> **REQUIREMENT**: Using the records below, give again exactly the lines from the line that contains "Kia EV4 — Фото автомобиля 23" through the line that contains "Women's Saddle Carson", both ends included, and only those.

> **EXERCISE MATERIALS**:

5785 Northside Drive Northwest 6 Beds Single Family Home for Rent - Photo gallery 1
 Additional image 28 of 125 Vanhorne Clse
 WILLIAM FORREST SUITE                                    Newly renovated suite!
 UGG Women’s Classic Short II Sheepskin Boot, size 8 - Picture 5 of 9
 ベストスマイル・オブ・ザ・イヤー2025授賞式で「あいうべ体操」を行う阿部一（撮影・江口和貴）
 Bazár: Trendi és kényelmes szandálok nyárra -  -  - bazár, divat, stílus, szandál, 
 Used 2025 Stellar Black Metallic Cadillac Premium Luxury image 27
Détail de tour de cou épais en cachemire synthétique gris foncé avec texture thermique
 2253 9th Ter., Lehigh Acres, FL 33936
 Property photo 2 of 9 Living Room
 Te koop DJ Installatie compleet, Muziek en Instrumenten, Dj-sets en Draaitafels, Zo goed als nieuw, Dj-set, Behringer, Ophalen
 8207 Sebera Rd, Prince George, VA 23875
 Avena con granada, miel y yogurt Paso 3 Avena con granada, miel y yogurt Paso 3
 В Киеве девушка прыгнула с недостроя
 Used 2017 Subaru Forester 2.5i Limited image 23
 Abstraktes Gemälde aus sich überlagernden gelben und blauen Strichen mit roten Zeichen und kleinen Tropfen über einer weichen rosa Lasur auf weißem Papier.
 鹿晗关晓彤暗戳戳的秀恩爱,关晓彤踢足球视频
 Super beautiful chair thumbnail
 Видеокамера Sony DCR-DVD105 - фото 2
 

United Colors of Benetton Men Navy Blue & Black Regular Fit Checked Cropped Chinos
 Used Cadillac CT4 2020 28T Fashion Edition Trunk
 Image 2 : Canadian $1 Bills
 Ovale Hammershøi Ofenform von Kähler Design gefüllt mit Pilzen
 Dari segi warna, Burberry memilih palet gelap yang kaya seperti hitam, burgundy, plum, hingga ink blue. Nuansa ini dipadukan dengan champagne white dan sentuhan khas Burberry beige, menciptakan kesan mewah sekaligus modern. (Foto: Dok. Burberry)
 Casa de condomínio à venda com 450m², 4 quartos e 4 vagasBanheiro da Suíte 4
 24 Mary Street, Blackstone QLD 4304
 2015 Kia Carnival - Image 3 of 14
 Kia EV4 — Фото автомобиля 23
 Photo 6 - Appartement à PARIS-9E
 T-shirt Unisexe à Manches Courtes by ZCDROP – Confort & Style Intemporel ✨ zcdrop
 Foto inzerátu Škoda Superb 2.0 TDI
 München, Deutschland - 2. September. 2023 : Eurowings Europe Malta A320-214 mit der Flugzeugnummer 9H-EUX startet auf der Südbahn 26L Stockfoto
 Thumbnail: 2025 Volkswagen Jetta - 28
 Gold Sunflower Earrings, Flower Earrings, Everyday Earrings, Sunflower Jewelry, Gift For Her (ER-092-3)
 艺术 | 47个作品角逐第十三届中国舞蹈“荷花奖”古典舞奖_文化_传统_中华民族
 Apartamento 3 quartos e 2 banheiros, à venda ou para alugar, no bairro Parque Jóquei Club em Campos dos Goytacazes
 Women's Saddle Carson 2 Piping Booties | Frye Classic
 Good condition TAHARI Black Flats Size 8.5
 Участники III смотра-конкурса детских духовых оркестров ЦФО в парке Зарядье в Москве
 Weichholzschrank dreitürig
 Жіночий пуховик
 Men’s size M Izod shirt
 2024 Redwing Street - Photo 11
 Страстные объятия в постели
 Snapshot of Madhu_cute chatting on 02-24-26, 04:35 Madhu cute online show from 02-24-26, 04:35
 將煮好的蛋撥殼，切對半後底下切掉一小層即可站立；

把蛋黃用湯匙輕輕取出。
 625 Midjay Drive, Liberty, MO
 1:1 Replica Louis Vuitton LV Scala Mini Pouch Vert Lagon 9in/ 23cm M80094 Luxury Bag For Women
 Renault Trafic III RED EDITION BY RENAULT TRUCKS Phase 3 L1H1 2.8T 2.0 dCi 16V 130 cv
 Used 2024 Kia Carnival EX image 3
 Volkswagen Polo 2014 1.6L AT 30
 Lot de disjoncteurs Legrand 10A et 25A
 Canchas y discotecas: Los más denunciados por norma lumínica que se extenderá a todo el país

> **EXPECTED OUTPUT**:
 Kia EV4 — Фото автомобиля 23
 Photo 6 - Appartement à PARIS-9E
 T-shirt Unisexe à Manches Courtes by ZCDROP – Confort & Style Intemporel ✨ zcdrop
 Foto inzerátu Škoda Superb 2.0 TDI
 München, Deutschland - 2. September. 2023 : Eurowings Europe Malta A320-214 mit der Flugzeugnummer 9H-EUX startet auf der Südbahn 26L Stockfoto
 Thumbnail: 2025 Volkswagen Jetta - 28
 Gold Sunflower Earrings, Flower Earrings, Everyday Earrings, Sunflower Jewelry, Gift For Her (ER-092-3)
 艺术 | 47个作品角逐第十三届中国舞蹈“荷花奖”古典舞奖_文化_传统_中华民族
 Apartamento 3 quartos e 2 banheiros, à venda ou para alugar, no bairro Parque Jóquei Club em Campos dos Goytacazes
 Women's Saddle Carson 2 Piping Booties | Frye Classic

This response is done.